Blog #8: Autumn Leaves

 

Man, I Love Fall



The turning of leaves never fails to bring about a wistful sense of whimsy in my romantic soul. I know that the scientific process of chlorophyll within the leaves causes this change, but there is no way magic is not at play. Leaf changes from green to red to orange to yellow as the temperature gradually changes (in more temporate climates, or in Texas it's just a day). That has to be the best part of any season, the changes that come along with it. 

The autumnal cycle of leaves makes me reminisce of days where I would play outside with my sisters. We'd walk through pine trees in our backyard, exploring the vast swath of land that would become a bustling suburb in the years to come. As we adventured in our backyard, I felt enchanted by each tree, drawn into a mystical realm through the crunch of pine needles under my feet. Something about being outside and using my imagination came naturally to me, like putting on a familar pair of shoes. Being able to breathe deep the scent of pine and freshly tilled dirt made me feel like I was home, and it still does. 


Now, when I drive past that old house, there's a slight sense of grief. A small pang within my chest not just yearning for childhood, but yearning for the lost pine trees and forsaken oaks sacrificed for more spots for people to lay their heads. It may be silly to write these things, as that land was always intended for development, but seeing it go through such significant changes deserves some amount of grief. 

As I sat inside of a new house about a week ago, I found myself surrounded by the same autumn leaves. In the windows, sneaking in the doors, and covering the driveway, these leaves stirred these old recollections in me. I went outside and brushed the leaves off of the driveway, the trees clinging to the few leaves still left on the branches. 

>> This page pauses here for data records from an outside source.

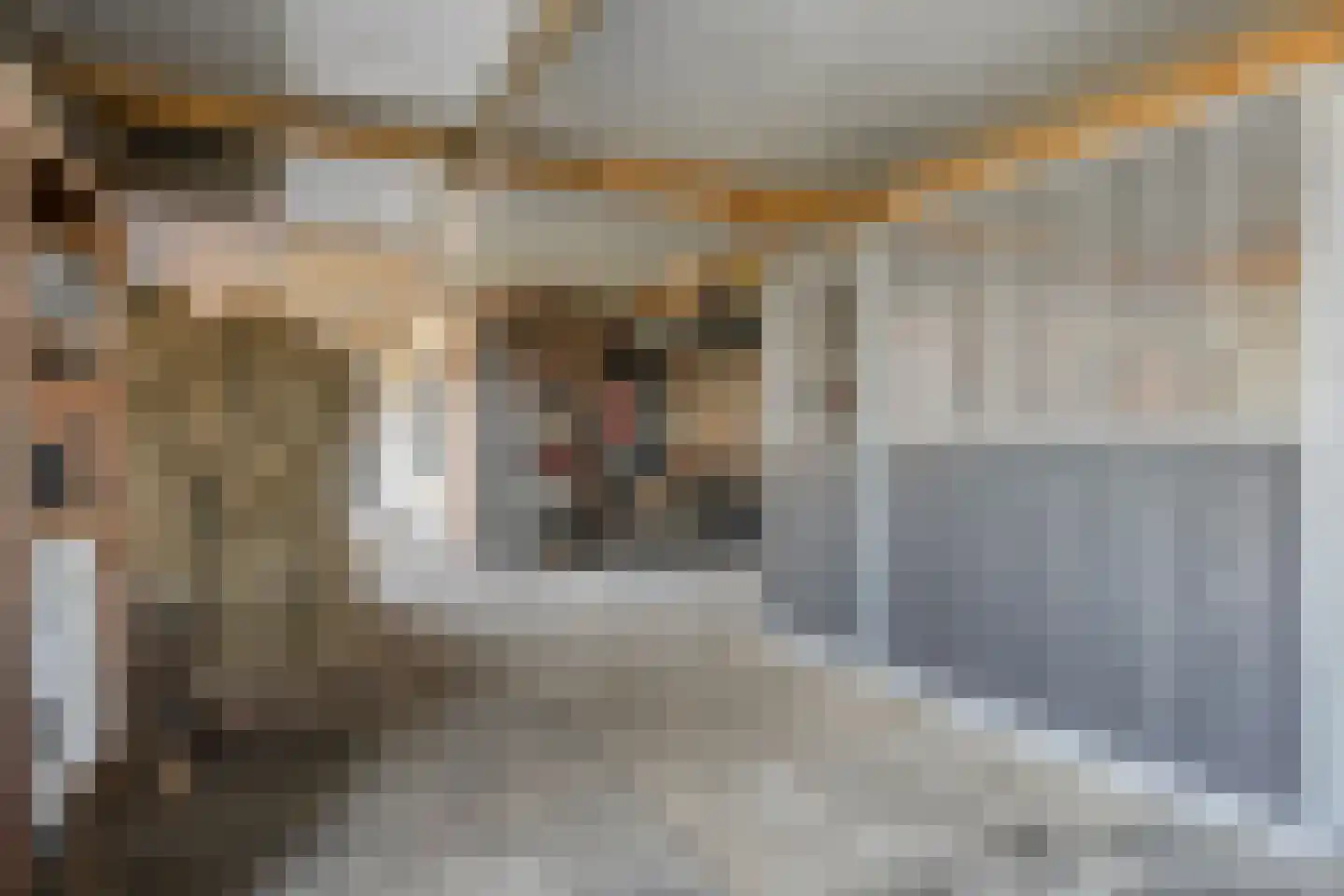 Achterweg 22 Herpt thumbnail 41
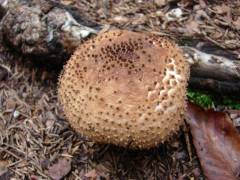 Amanita echinocephala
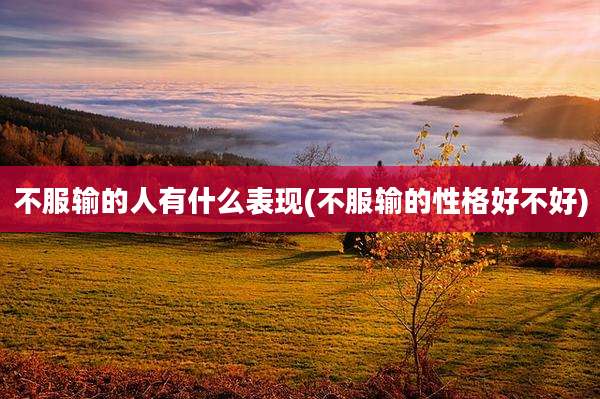 不服输的人有什么表现(不服输的性格好不好)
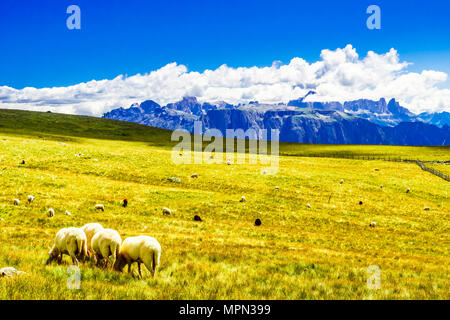 Vue sur troupeau de moutons dans un pré dans les montagnes du Tyrol du Sud Banque D'Images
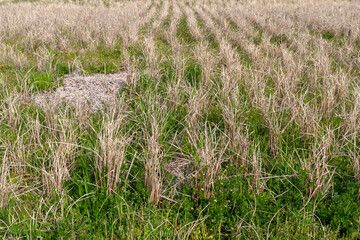 季節外れの田んぼ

So yes, I'm a hopeless romantic. And yes, autumn leaves make me emotional. As with all things in nature, I firmly believe they reflect a higher power at work in the world. I can see God reflected in the changing of the leaves, and how he has designed us to live in different seasons. While the spring flowers reflect his grace, the mortality that weighs upon me in the autumn also has a holy reverence in it's hands.